Parent agent uses the AgentTool

artist_agent = LlmAgent( name="Artist", model="gemini-2.0-flash-exp", instruction="Create a prompt and use the ImageGen tool to generate the image.", tools=[image_tool] # Include the AgentTool )

Artist LLM generates a prompt, then calls:

FunctionCall(name='ImageGen', args={'image_prompt': 'a cat wearing a hat'})

Framework calls image_tool.run_async(...), which runs ImageGeneratorAgent.

The resulting image Part is returned to the Artist agent as the tool result.

These primitives provide the flexibility to design multi-agent interactions ranging from tightly coupled sequential workflows to dynamic, LLM-driven delegation networks.

  1. Common Multi-Agent Patterns using ADK Primitives By combining ADK's composition primitives, you can implement various established patterns for multi-agent collaboration.

Coordinator/Dispatcher Pattern Structure: A central LlmAgent (Coordinator) manages several specialized sub_agents.

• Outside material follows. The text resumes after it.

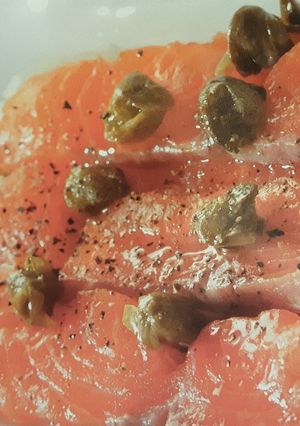 A picture of Salmon carpaccio with lemon dressing.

Goal: Route incoming requests to the appropriate specialist agent. ADK Primitives Used: Hierarchy: Coordinator has specialists listed in sub_agents. Interaction: Primarily uses LLM-Driven Delegation (requires clear descriptions on sub-agents and appropriate instruction on Coordinator) or Explicit Invocation (AgentTool) (Coordinator includes AgentTool-wrapped specialists in its tools).

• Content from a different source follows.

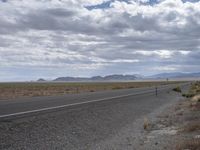 a deserted road in the desert with a mountain in the distance and a few clouds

Conceptual Code: Coordinator using LLM Transfer

from google.adk.agents import LlmAgent

billing_agent = LlmAgent(name="Billing", description="Handles billing inquiries.") support_agent = LlmAgent(name="Support", description="Handles technical support requests.")

coordinator = LlmAgent( name="HelpDeskCoordinator", model="gemini-2.0-flash-exp", instruction="Route user requests: Use Billing agent for payment issues, Support agent for technical problems.", description="Main help desk router.", # allow_transfer=True is often implicit with sub_agents in AutoFlow sub_agents=[billing_agent, support_agent] )

User asks "My payment failed" -> Coordinator's LLM should call transfer_to_agent(agent_name='Billing')

User asks "I can't log in" -> Coordinator's LLM should call transfer_to_agent(agent_name='Support')

Sequential Pipeline Pattern Structure: A SequentialAgent contains sub_agents executed in a fixed order. Goal: Implement a multi-step process where the output of one step feeds into the next. ADK Primitives Used: Workflow: SequentialAgent defines the order. Communication: Primarily uses Shared Session State. Earlier agents write results (often via output_key), later agents read those results from context.state.

Conceptual Code: Sequential Data Pipeline

from google.adk.agents import SequentialAgent, LlmAgent

validator = LlmAgent(name="ValidateInput", instruction="Validate the input.", output_key="validation_status") processor = LlmAgent(name="ProcessData", instruction="Process data if state key 'validation_status' is 'valid'.", output_key="result") reporter = LlmAgent(name="ReportResult", instruction="Report the result from state key 'result'.")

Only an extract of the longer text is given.